Понимает ли лично г-н Стрелков это, отдает ли отчет в этих чрезвычайно существенных нюансах?... Как бы то ни было, но по его словам, обосновывающим его приказ, получается, что это "неправильные" слова бойцов "ведут армию к поражению". Именно эти слова и именно в этих устах, получается, приводят к поражению, а совсем не безвольные решения командиров.
Решения тех командиров, которых пользуют в мутной, циничной, провокационной полит.игре. Тех
двусмысленных командиров, которые"готовы умереть на развалинах Славянка, но с твердой верой", однако "вера эта рвется, как растянутый полиэтилен на штормовом ветру - с каждым днем все сильнее и сильнее".

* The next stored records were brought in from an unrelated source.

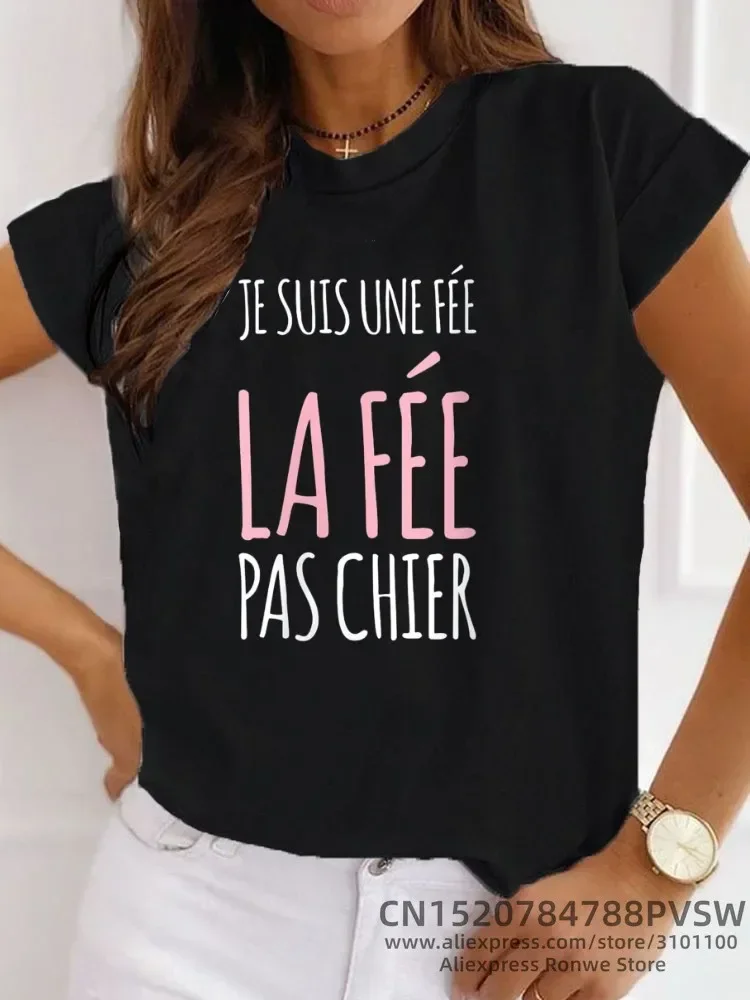Camiseta de manga corta con letras divertidas francesas, camiseta humorística con patrón de I Am A Fairy para chica Y2K Harajuku, camiseta nueva negra, rosa y roja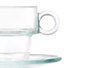 Vivalto Tasse à café en verre 90 ml avec soucoupe 8 x 6 x 6.5 cm (Set de 24)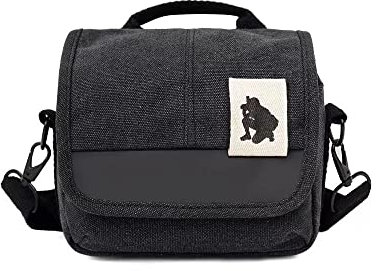 Custodia per fotocamera Borsa a tracolla anti-ladro in tela nera con passante per cintura per fotocamera digitale Canon PowerShot G7X, G7X Mark II, G7X Mark III, Nero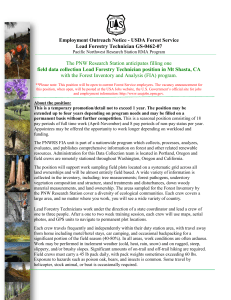 Employment Outreach Notice - USDA Forest Service Lead Forestry Technician GS-0462-07
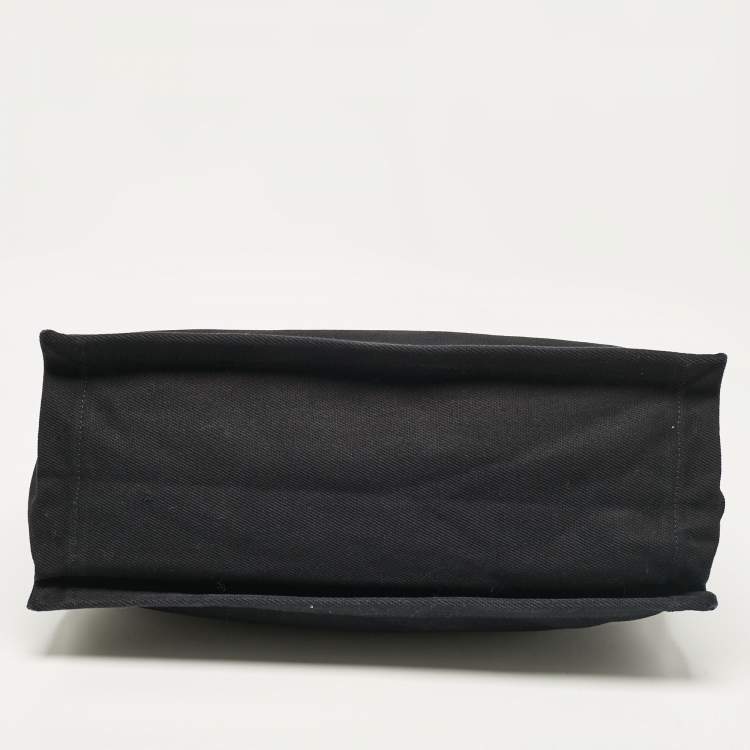 Pre Owned Saint Laurent Black Canvas and Leather North South Rive Gauche Tote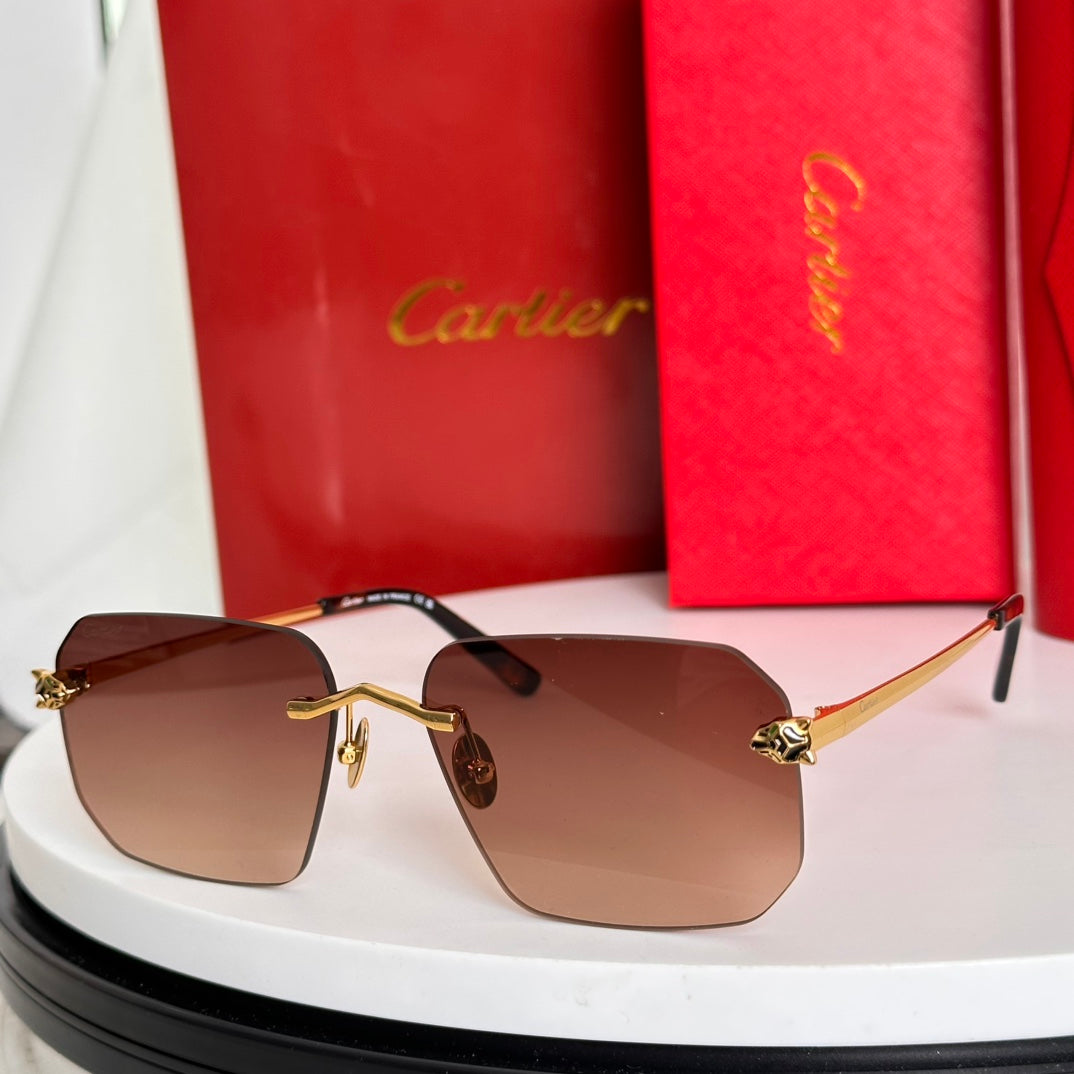 PANTHÈRE RIMLESS SQUARE FRAME SUNGLASSES CT0503S IN METAL - Purple/ Black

Всё это усугубляется ещё тем, что
во-первых, подчеркивание "нерусского происхождения" слов матерной брани продолжает известную тенденцию, когда, с позиций некой виртуальной лингвистической "чистоты", из культурно-исторического опыта, вместе с водой инородного и скверного, выплескивается ребенок, которым является творческое начало в языке - то начало, благодаря которому язык именуется душой народа, и которое, особенно в случае русского народа и его великого и могучего языка, не может быть замутнено никакими заимствованиями и употреблениями слов, маркированных как "ненормативные"; поэтому,
во-вторых, язык, становясь предметом вот такого, как в данном случае, казарменного диктата, вкупе с этой двусмысленной борьбой за его "чистоту", в этом качестве он, собственно, и превращается в инструмент фашистского образца диктатуры, с запрещением языков, исторически неотъемлемых от культурного опыта народа, как и запрещением всего того, что неотъемлемо составляет культурное наследие, принадлежащее этому народу (авторов, книг и т.д.);
в-третьих, утверждение о том, что матерные слова способны "воздействовать на русских воинов через дух", постулирует примат естества над духом, а тем самым скверное в естестве оказывается сильнее духовного в человеке.
Говорить о том, что что бы то ни было способно "духовно унижать" - именно это есть и чудовищное богохульство, и пораженчество, закладываемое в самое предельное основание действий и мыслей участников войны!